The film was released in the United States on November 3, 2023, and made $2.7 million from 419 theaters that opening weekend, finishing in fifth place with a "very strong" per-venue average of $6,516. During the second weekend, it expanded to another 115 locations and grossed $1.75 million, coming in tenth place with a 66% hold.

=== Critical response ===
 Metacritic, which uses a weighted average, assigned the film a score of 71 out of 100, based on 14 critics, indicating "generally favorable" reviews.

The Hollywood Reporter's David Rooney wrote that "director Christopher Zalla adheres to the subgenre's conventions and doesn't stint on sentimentality, but Radical more than earns its surging emotional payoff". Johnny Oleksinski, reviewing the film in the New York Post calls Radical "a Spanish-language gem about a real teacher's impact on a poor Mexican border town".

In her review for the New York Times, Natalia Winkelman wrote that Radical is "a sentimental drama that is based on a true story but boxes neatly into familiar packaging. The title is nearly oxymoronic: It boldly belies how close to convention the film hews." Echoing criticism over the film's formulaic style, Nick Allen of RogerEbert.com opined that "Radical feels too often like its drama has been copied from a tearjerking textbook; it’s nearly flagrant about having so many predictable beats" and noted that while "there’s no inherent problem with aiming to be a crowd-pleaser, [...] the heartwarming real stuff feels too good to be true."

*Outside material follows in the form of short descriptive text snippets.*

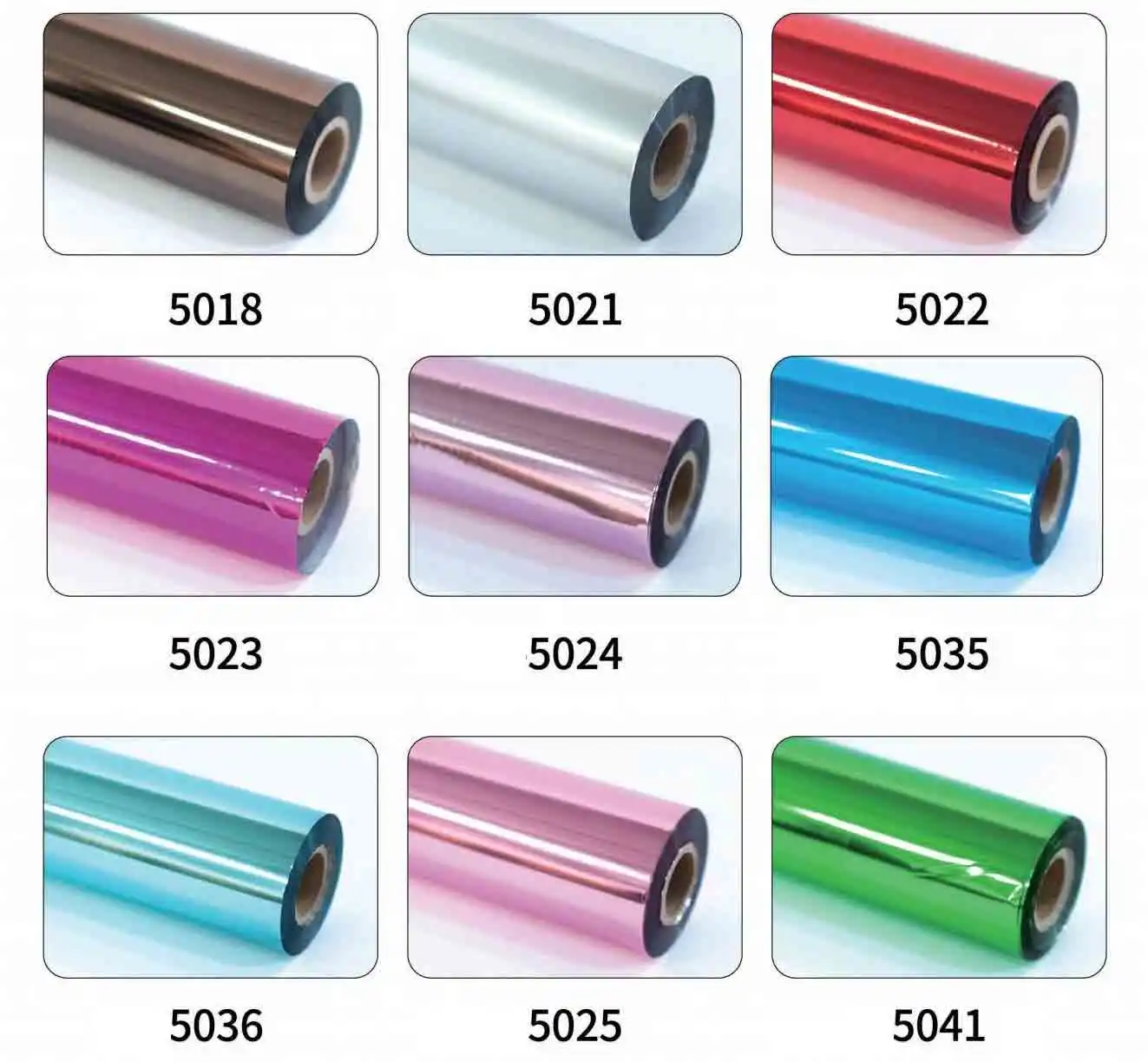 Hot Selling Hot Stamping Foil Heat Transfer Film Gold And Silver Color Use for Both Paper And Plastic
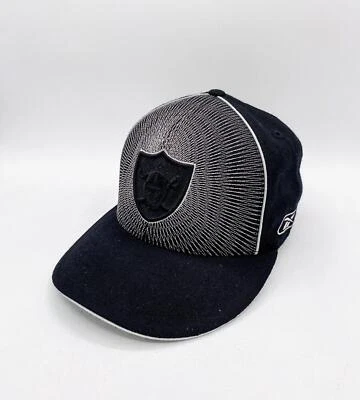 Sombrero de colección Oakland Raiders SPIDERWEB ajustado para hombre talla 7 3/4 negro Reebok Y2K Foto 1 de 4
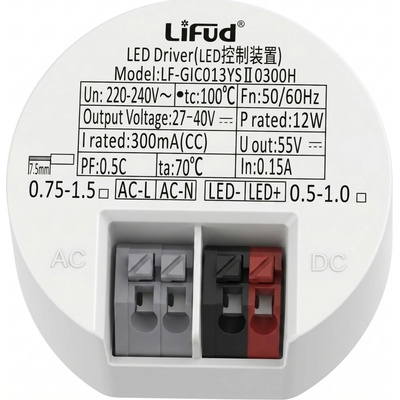 Napájecí zdroj LiFud 12 W, 180-265VAC/24-42VDC, 300 mA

Claudia Piñeiro, serving as the president of the 27th Málaga Film Festival main competition jury, stated that the film is "an urgent, necessary story that had to be told, and they told it in the best way [possible]".

=== Accolades ===
At the 7th Astra Film Awards, the film was nominated for Best International Feature while Derbez was nominated for Best International Actor.